The current company of 'Into the Woods' (Photo courtesy of O&M).

Throughout Lear deBessonet’s “Into the Woods,” there is always room for play.

In the veteran director’s new Broadway production, the musical’s words and lyrics take center stage. There are no “bells and whistles,” Stephanie J. Block told Broadway News at a recent press event. And for Block and her fellow cast members, deBessonet’s less showy perspective is making all the difference in the cast’s approach to performing in the Stephen Sondheim-James Lapine musical.

“It’s a heavy piece sometimes, it’s a big piece, it’s a daunting piece. And I think what deBessonet was able to do is keep it buoyant and joyful. And then we earn those moments of real weight,” said Krysta Rodriguez, the production’s current Cinderella.

“DeBessonet was always challenging us to be simpler and rely on the words. The words are taking you where you need to go.”

Sebastian Arcelus — playing the Baker now through Oct. 23echoed that sentiment, adding that deBessonet “encouraged us to meet the fairy tale head on, and go on that journey; the joy and the heartache, the agony and the triumph.”

“Her vision for the show is so elegantly simple in that we’re just pushed forward, trusting the words and lyrics, communing with the audience, and opening our hearts and souls much like we’re asking the audience to do when they step into the theater in order to be in this present moment,” continued Arcelus.

“Everyone is coming forward with all of themselves, all of the time.”

And that very much includes Arcelus’ real wife, currently doubling as his onstage wife, Stephanie J. Block.

Block told Broadway News that she’s “grateful” for the playful framework that deBessonet provided, but also that the director was willing to put the lyrics and storytelling in the spotlight without a busy design.

“Right off the bat, as soon as that curtain goes up, we’re not actors; we are people. And that, to me, sets the tone,” said Block. “I think bearing witness to that transformation of people-interpreter to artist-storyteller is what makes the magic of this piece.”

“It’s that humanity; the recognition of humanity. And then taking this three-hour journey as storytellers.”

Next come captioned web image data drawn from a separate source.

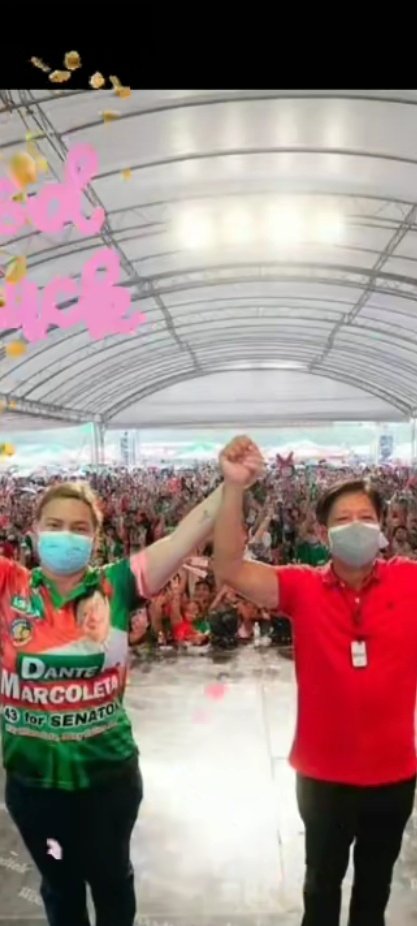 rubyreyreano's tweet photo. We will carry the Flame that will burn,,until Marcoses return!,, #credit #BBMIsMyPresident2022 #BBMSARA2022 ,,❤️💚 https://t.co/M6b0pDkeBs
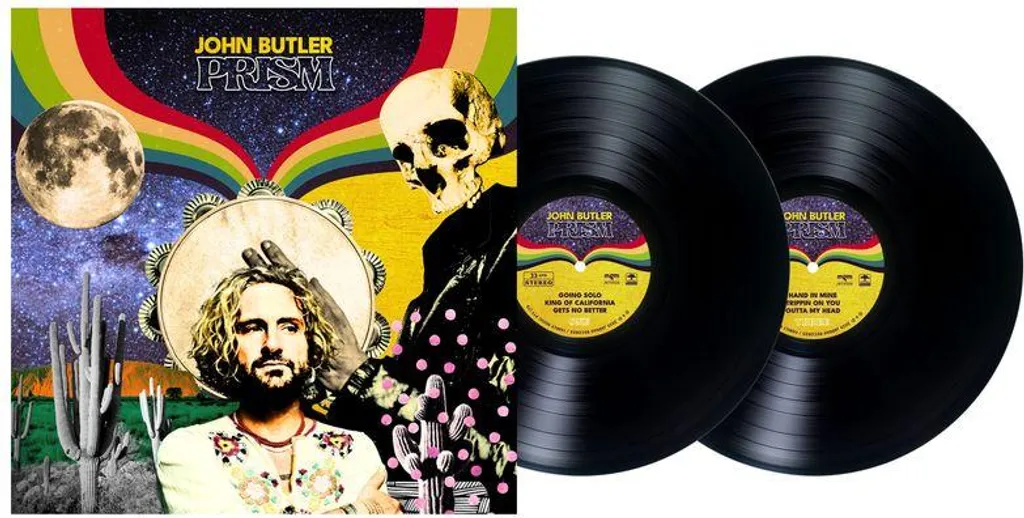 Musique Folk Vinyle John Butler Prism pour Platine Haute Fidélité LP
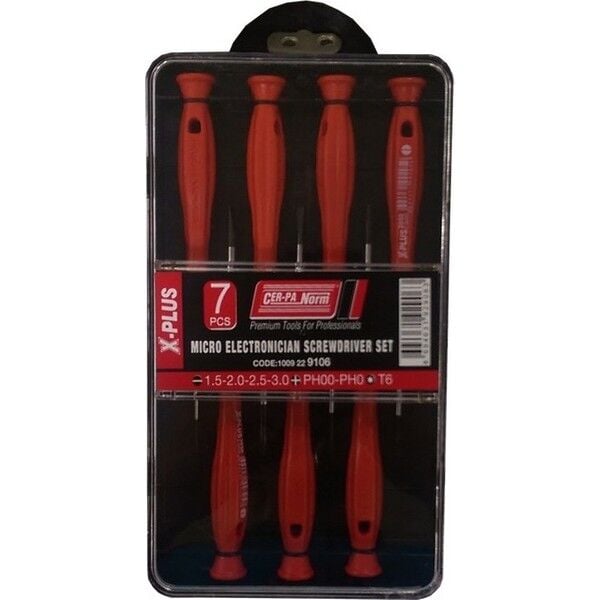 Cerpa X Plus Elektronikçi Takim Set 7Li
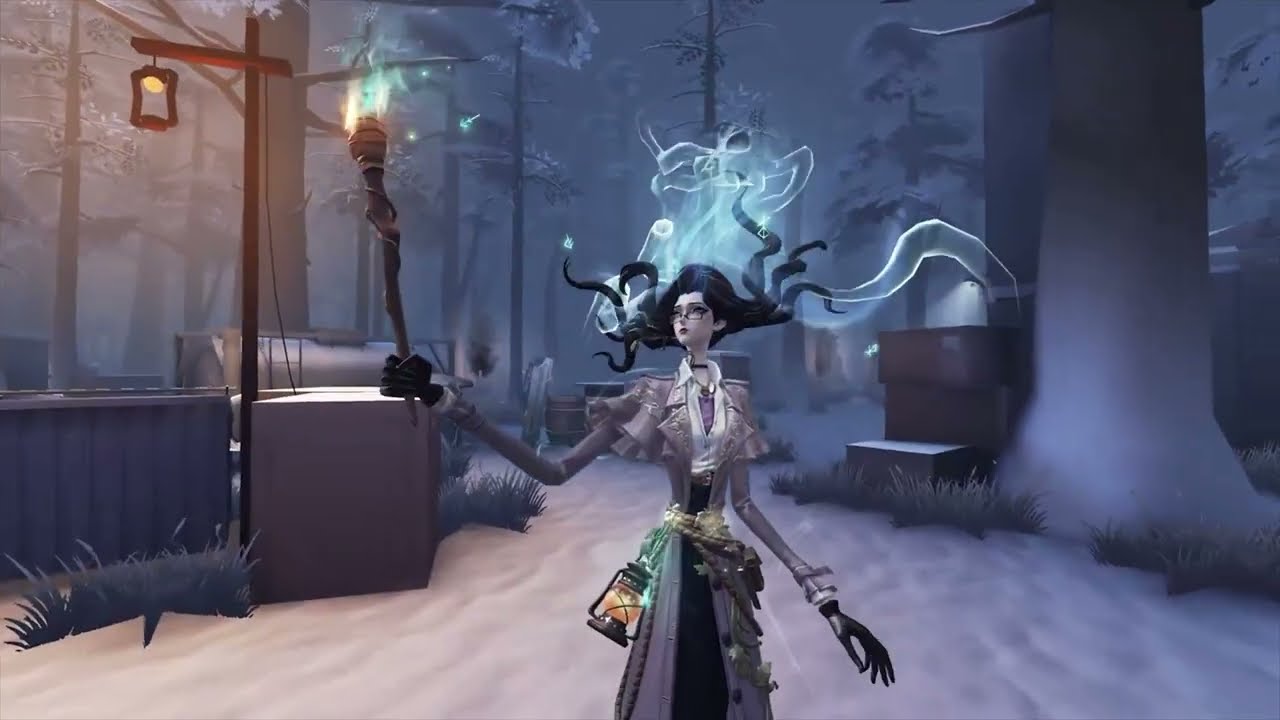 Identity V | The New [Once Series] Costumes for The Shadow & Toy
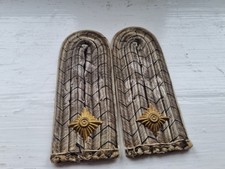 WW1 German Officer Shoulder Boards Prussian Regt 206.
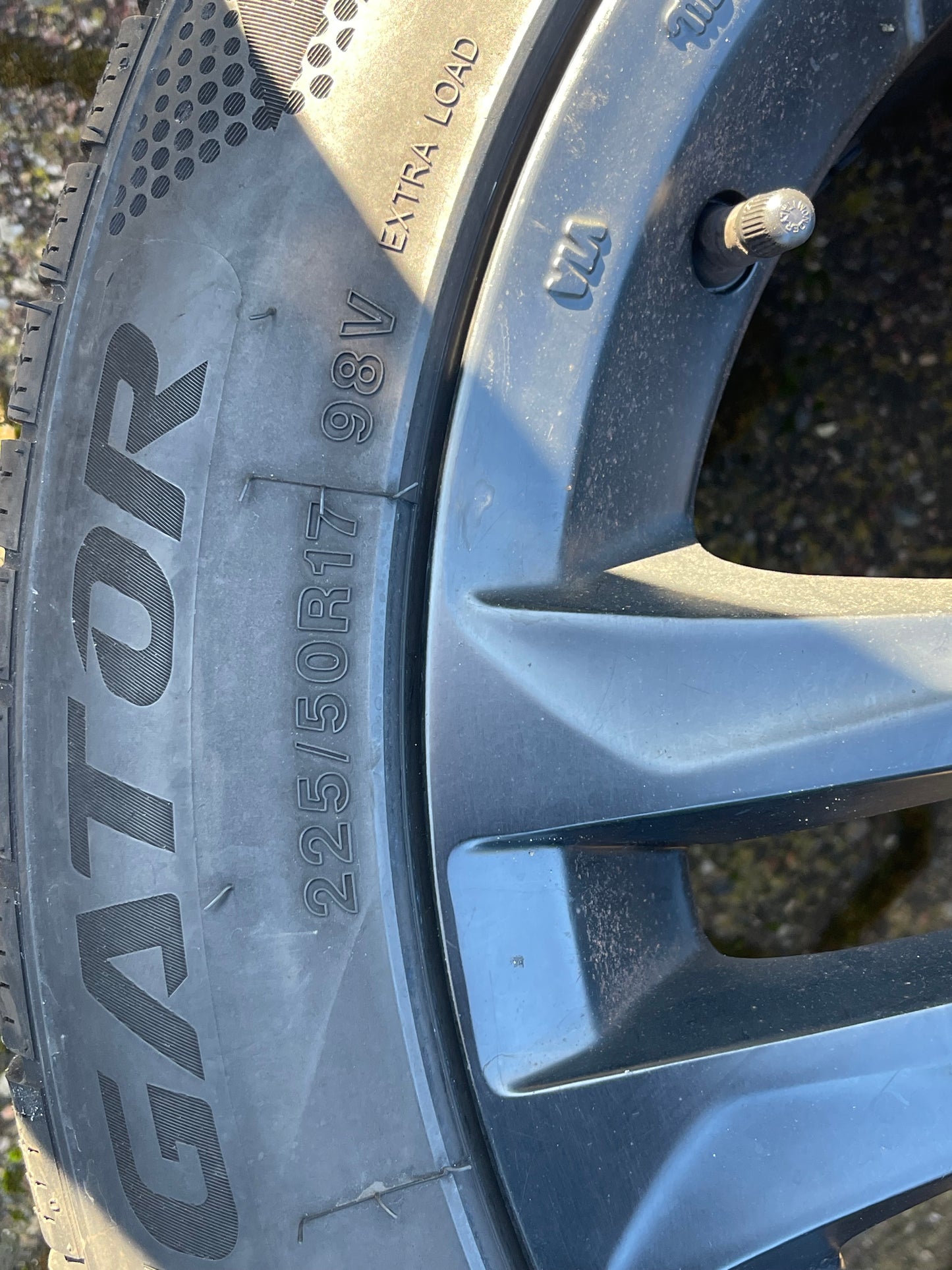 Cerchi e gomme 17” BMW X1 - Usato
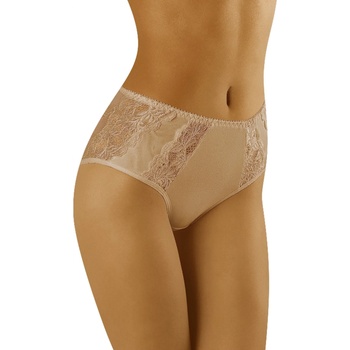 Image 1 of Wolbar Памучни бикини в бежов цвят eco-vueh-63680-beŻowy - Бежов, размер xxl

For Block and Arcelus as The Baker’s Wife and The Baker, respectively, there’s an added layer of storytelling beyond the words and lyrics. The couple met while appearing in “Wicked,” sharing moments onstage but never storytelling together, Block said. And with the parallels between their onstage story and the life they’ve built together offstage since, this experience in the woods has “married both art and life,” she said.

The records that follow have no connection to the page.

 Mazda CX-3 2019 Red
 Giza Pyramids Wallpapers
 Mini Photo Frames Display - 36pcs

“And that is a chemistry you can’t fabricate.”

“To get to look into her eyes — eyes that I know so well and that run so deep — with our shared life experiences, it does allow for us to dig even deeper into the story because we have a shared history that we’re able to tap into and have fun with,” Arcelus said.

That willingness to have fun and play onstage is also reflected in the behind-the-scenes relationships this cast has formed.

“There’s a whole lot of famous people in this building, and that’s fine,” Katy Geraghty, currently playing Little Red, said with a laugh.

“The first thing I walked into [during] a group [rehearsal] setting was Stephanie J. Block in the middle of singing ‘Moments in the Woods.’ It was crazy.”

Newcomer Geraghty said that while it’s “so cool” to be working alongside titans of the industry, there’s also much to be learned from them as humans.

“I’m really enjoying getting to know them,” she said. “We [often] forget about the people behind all of this work.”

Montego Glover, currently rotating in the role of The Witch with Patina Miller, shared similar praise for those she’s working with onstage and backstage.

“Everyone is present, wanting to do this work, wanting to do their best, and we’re all so appreciative of the gift that is this score, these lyrics, this book,” said Glover.

“It’s just gold.”

Even with cast members coming and going due to changes and pre-planned hiatuses, Rodriguez said the bonds remain strong.

“It really just leaves this revolving door of playing a game of tag. It never feels dangerous to play; it feels fun,” said Rodriguez.

She went on to share a story from the night of her cast’s first performance when castmate Joshua Henry shared some words of wisdom before the show. “This is your playground; this is your canvas. Paint from the corners to the wall to wherever,” she recalls Henry saying.

“Yes, this is an environment where joyfulness and playfulness are rewarded,” she said. “It’s not just perfection and nuance. The play is also as important.”